Thoughts on raising a son, post Riot Grrl.

Pat Castaldo
Apr 12, 2017 · 4 min read

My friend Jessica asked me to write a piece for the zine series Personal Best. Alien She is a traveling art exhibit that features pieces from artists and activists that explores how Riot Grrrl continues to impact them.

I’ve talked myself out of writing this several times, mostly because I kept asking myself “Does the world really need a man’s perspective on Riot Grrl?” and answering “No, of course it doesn’t.”

But the thing is, I really don’t think I’d be who I am without it.

I feel incredibly lucky to have grown up — not from the little-kid-to-adult-kind, but the real growing up you do between 18 and 25 — surrounded by amazing women making music, art and history.

I know it sounds cheesy when I say it, but I’ll say it anyway:

Olympia, Washington in the 90s was a magical place, and it was the women who lived there, demanding a voice for themselves, that made it that way.

To this day, I’m still not sure exactly what the confluence of events was that made it a great incubator for feminist punk rock, DIY-activism, but it was.

And the world is a better place for it.

My son is 10 now, and I think a lot about what his future’s going to be like—where is he going to move away to at 18. What town will embrace him the way Olympia embraced me? What will he learn? How will he grow? Will he be challenged in the same way I was? Will he be inspired in the same way?

I hope so.

There’s a song on one of my favorite records from that time—Excuse 17’s second album “Such Friends Are Dangerous”—with the chorus:

I don’t speak loud enough, you say.
Is this loud enough for you?

We don’t rock hard enough, you say.
Is this hard enough for you?

I don’t talk smart enough, you say.
Is this smart enough for you?

That album came out 20 years ago, and I’ve always wondered, but never asked out loud before, “Who was that asshole?”

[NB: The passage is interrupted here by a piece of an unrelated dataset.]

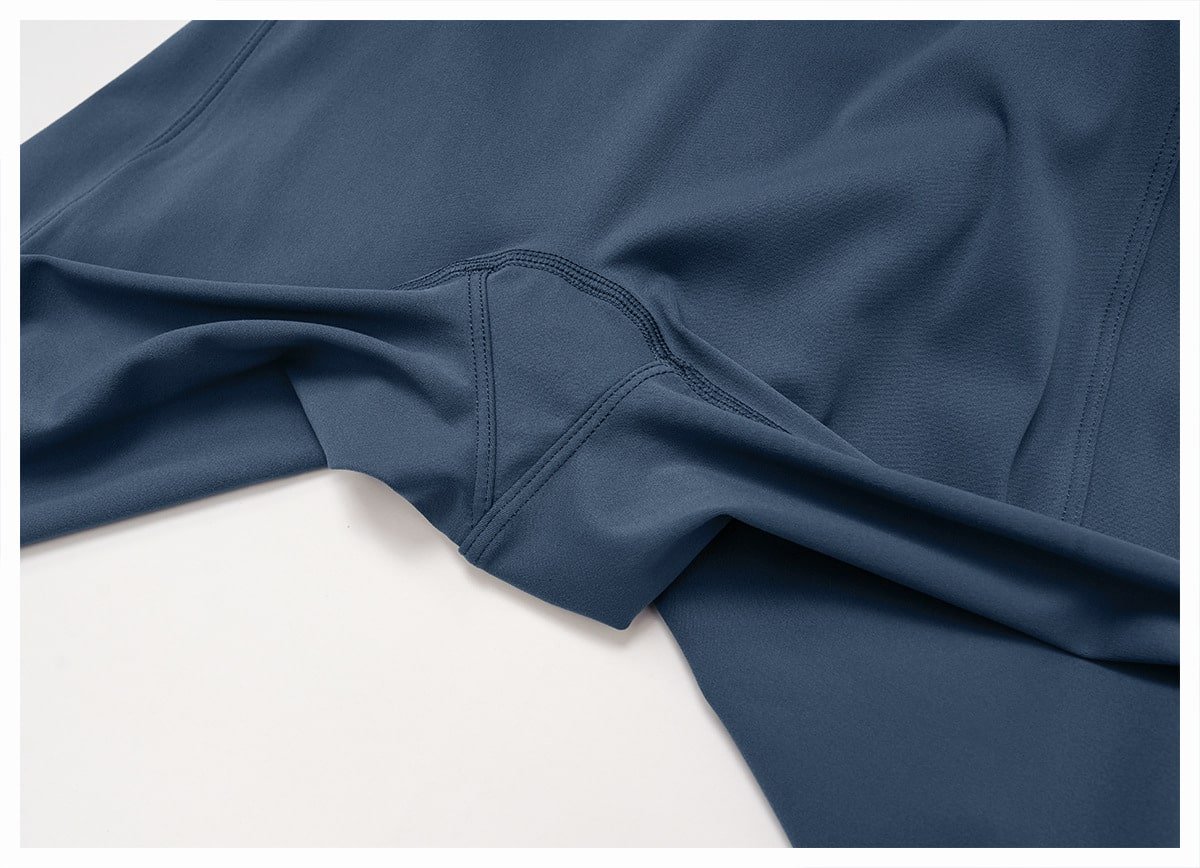 Yoga Bell Bottom Pants - Image 13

Who would tell them they weren’t smart enough? Who’d be stupid enough to say they weren’t rocking hard enough? Straight-up, dumb-ass misogyny.

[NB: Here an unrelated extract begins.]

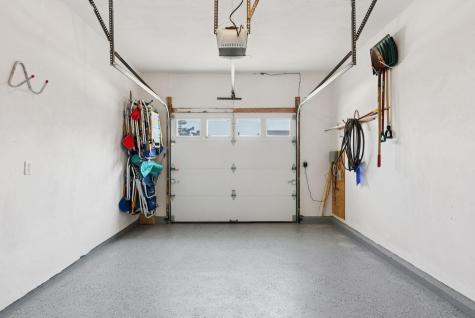 42 Rachel Carson Lane Wells ME 04090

Living in a small town, with a small scene like that—I probably knew that asshole. The rest of the song infers that the one saying it also was in a band. Did I like his band without realizing it? Quite possibly.

There’s a scene in Back To The Future II where Marty ask Doc Brown, “What, do we become assholes or something?”

No, no, no, no, no, Marty, both you and Jennifer turn out fine. It’s your kids, Marty, something has got to be done about your kids!

And as a parent, that’s one of those things that really scares you—that your kid will turn out to be an asshole. That somehow, in some way, you’ll have failed as a parent.

I really thought we’d be past this all by now.

Thing is, I really thought post-Riot Grrl that we wouldn’t have to worry about stuff like that. That assholes who’d say women can’t rock hard enough just wouldn’t exist anymore.

I was naive.

A day doesn’t go by where we don’t see another article about women suffering torrents of hateful abuse online for speaking their mind. The things people hate-tweet is downright insane, to the point where “you don’t play your instruments loud enough” seems almost quaint.

So now what, though?

So as a parent of a 10 year old boy, what do you do?

I don’t know.

I mean, I know what I’m doing, but who knows if it’ll work.

For me, one of the big things is exposing my son to as many positive influences as I can.

It’s about taking him to art shows by some of the smartest, most talented women I know.

It’s listening to podcasts while we’re in the car that interview Miranda July.

It’s surrounding him with as much of Nikki McClure’s papercuts as we can. It’s about playing my Sleater-Kinney records.


Pat Castaldo lived in Olympia from 1991–2008. While in town, he went to a lot of backstage shows, helped run the film society, worked on album covers for over 50 bands, and, in his 20s, was often found at The Reef. He co-founded buyolympia.com and Land Gallery. He lives in Portland, Oregon.